▶ [Image-caption web data]
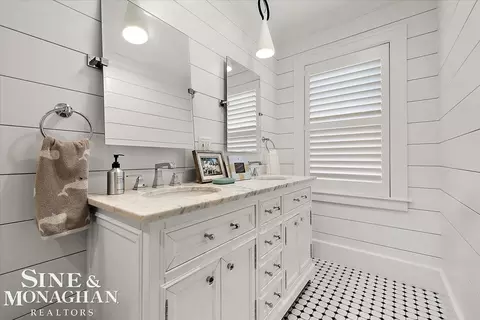 Bath - 870 Washington, Grosse Pointe, MI 48230 photo 7 of 10
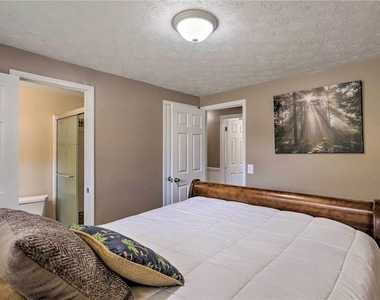 6207 Moss Drive - Photo Thumbnail 18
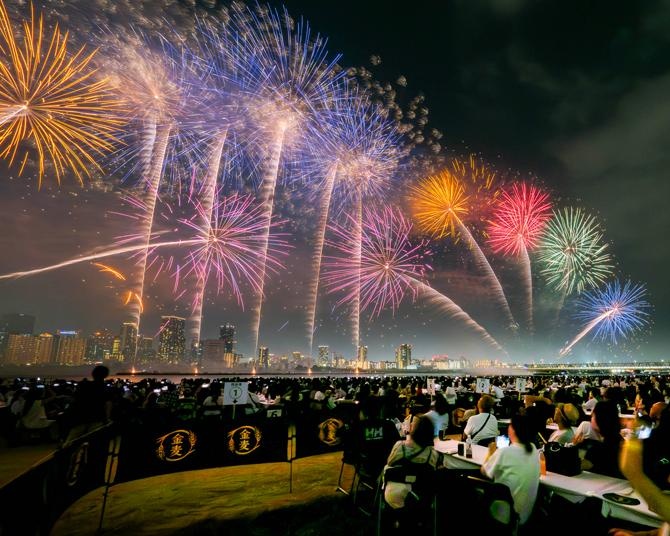 「金麦」片手に特等席から花火を堪能！2026年も豪華キャンペーンを実施＆10月にビールになる金麦の先行体験も【PR】
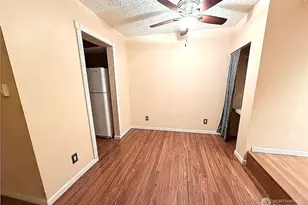 4717 W Lake Sammamish Pkwy SE, Sammamish, WA 98027 - Photo 10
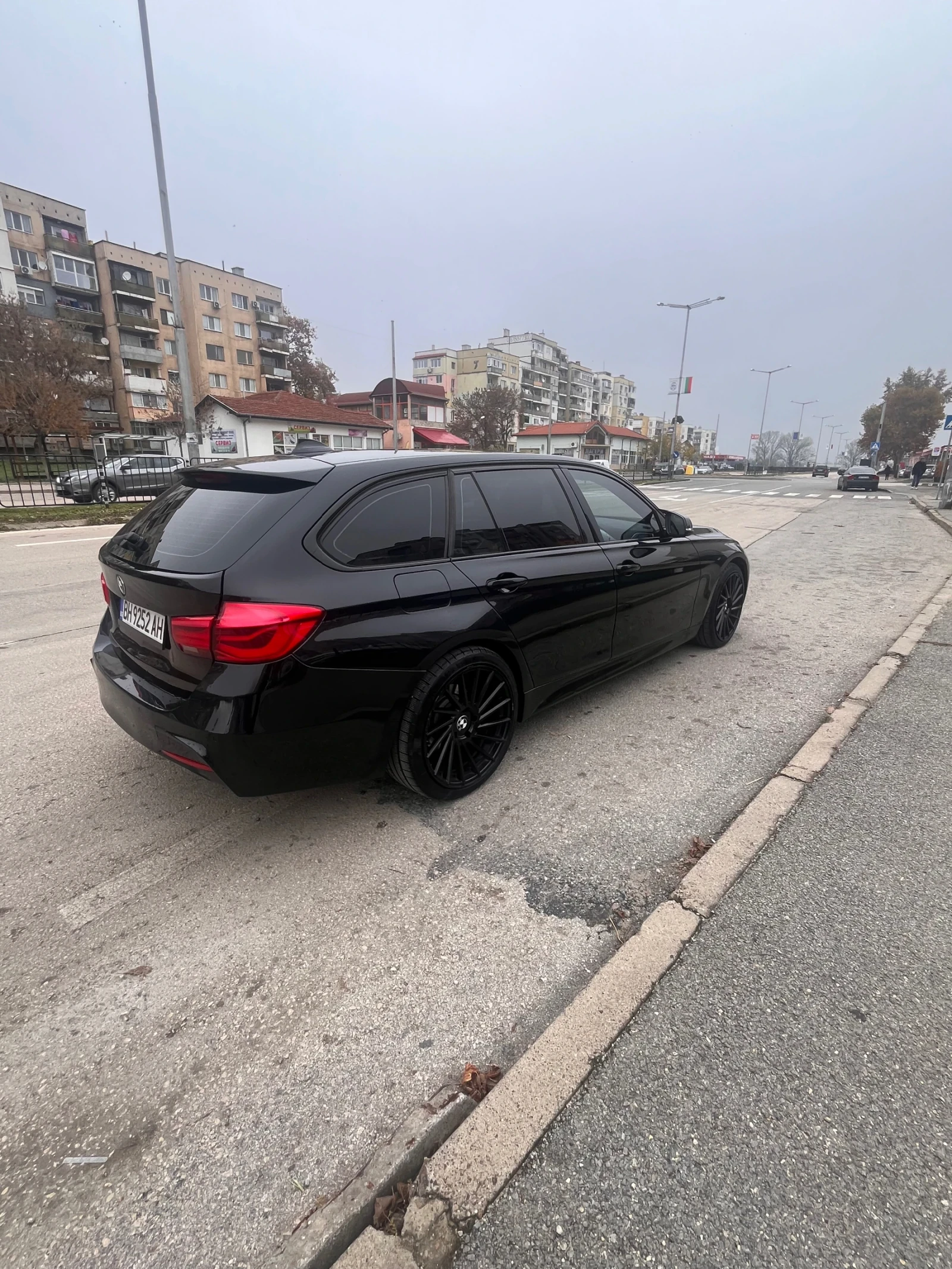 BMW 320 xDrive/ДИГИТАЛНО ТАБЛО/keyless/headup/harmankardon, снимка 6 - Автомобили и джипове - 54720630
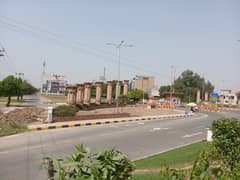 1 KANAL LUXURY HOUSE AVAILABLE FOR SALE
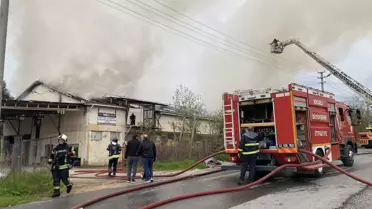 Çayırova'da Mutfak ve Banyo Tezgahı Üretim Tesisinde Yangın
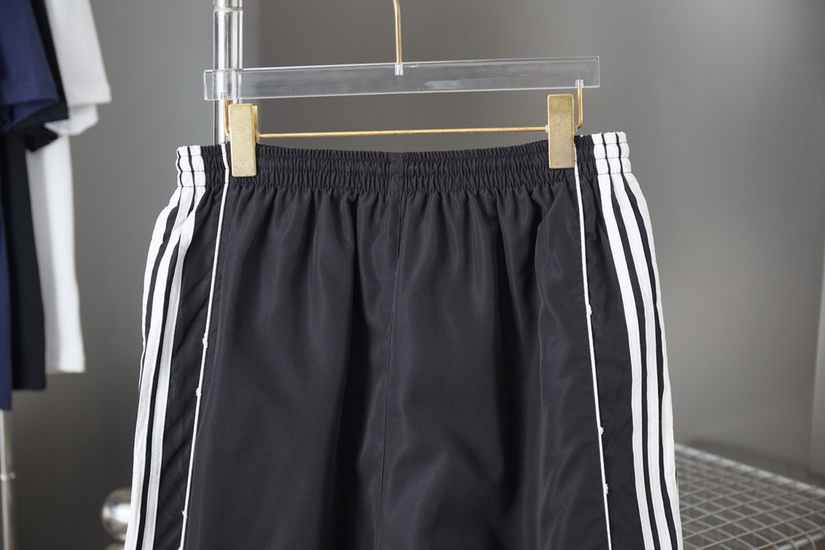 Balenciaga Pants-105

▶ [What to produce]
Set down every entry above without alteration, but print no images.

▶ [Task result]
 Bath - 870 Washington, Grosse Pointe, MI 48230 photo 7 of 10
 6207 Moss Drive - Photo Thumbnail 18
 「金麦」片手に特等席から花火を堪能！2026年も豪華キャンペーンを実施＆10月にビールになる金麦の先行体験も【PR】
 4717 W Lake Sammamish Pkwy SE, Sammamish, WA 98027 - Photo 10
 BMW 320 xDrive/ДИГИТАЛНО ТАБЛО/keyless/headup/harmankardon, снимка 6 - Автомобили и джипове - 54720630
 1 KANAL LUXURY HOUSE AVAILABLE FOR SALE
 Çayırova'da Mutfak ve Banyo Tezgahı Üretim Tesisinde Yangın
 Balenciaga Pants-105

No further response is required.